Brendan: Another problem: Broussard seems to think not burning gays or being outwardly hateful is tolerance. And that’s lazy, and a deal-breaker for me.
David: There’s also what seems to me a really solid Christian argument for NOT being that way, for starting with love and a deeper tolerance. Matt Yoder, from Awful Announcing, wrote a nice thing on that. Gregg Gethard, who’s written for us here, did the same thing from a Catholic perspective at The Diss, and Spencer Hall did it from an atheist’s POV. There are so many ways, including a great many overtly Christian ones, not to be a dick about this!
Brendan: Yoder’s emphasis on God’s grace feels better to me, but I just don’t fully get it either. That’s my problem, I guess.
David: It’s all sort of abstract to me, too. That perspective just isn’t mine. But if you start with a basic humanism—treat people well, start from love and stay there—then it still is just hard for me to see how a serious person could so coldly and almost offhandedly condemn a bunch of other humans.
Brendan: I definitely get the desire for forgiveness and redemption, I’m not antagonistic to that. And Yoder’s basic premise—that hating/judgment is easy and love is hard—is the basic humanist impulse that really resonates with me. It’s what I like about David Foster Wallace, and it’s absolutely the part of Christian values that’s most appealing to me.
David: And here’s Bubba Watson tweeting thanks to Chris Broussard. Man, it’ll be depressing to watch this all take shape as some Liberal Media backlash narrative. Broussard becomes some sort of hero to America’s foremost grievance-farming dipshits. Tim Brando’s already climbing up on that cross.
Brendan: I don’t even know who’s left. I even think Fox is maybe ready not to be anti-gay? Maybe not. But yeah, the backlash thing is all they have, make it about who’s The Real Racists or whatever.
David: Same old argument, but Mad Libs-ed to take some of the proper nouns out and replace them with different names/hot-button issues.
Brendan: And make Broussard the new Juan Williams—who I concede was probably treated inappropriately, even though his beliefs were also bigoted and dumb. Which I guess is the equivalency thing.

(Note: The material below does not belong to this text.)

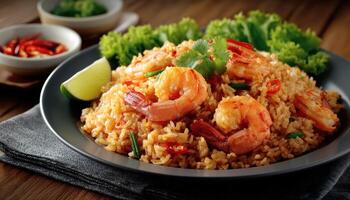 Delicious Shrimp Fried Rice Kitchen Background Food Photography Warm Environment Close-Up Copyspace photo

David: Same sort of thing, totally. He said some dumb shit, but the real problem was that Juan Williams was crappy at his lame job. That’s the issue with Broussard, finally. There are so many people better at it than him. If they’re able to talk about a big moment in sports history without making it about themselves, all the better.

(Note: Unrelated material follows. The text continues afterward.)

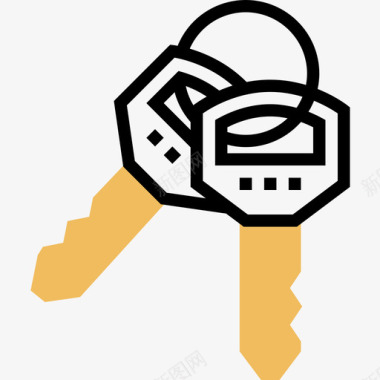 钥匙机密信息6黄色阴影图标图标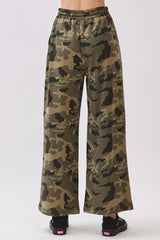 Camo Wide Leg Cotton Pants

Brendan: I do sense that he was sort of suckered into it too. I mean, ESPN had to know that’s what he was going to say.
David: They formatted it like a debate! There aren’t two sides to this shit. It’s not McShay and Kiper fake-bickering over some three-technique defensive tackle and trying to keep from laughing. Why try to make it like that?
Brendan: I wonder at what point they’ll feel a sense of embarrassment about this.
David: Long after the last asshole realizes other peoples’ sexuality isn’t his business?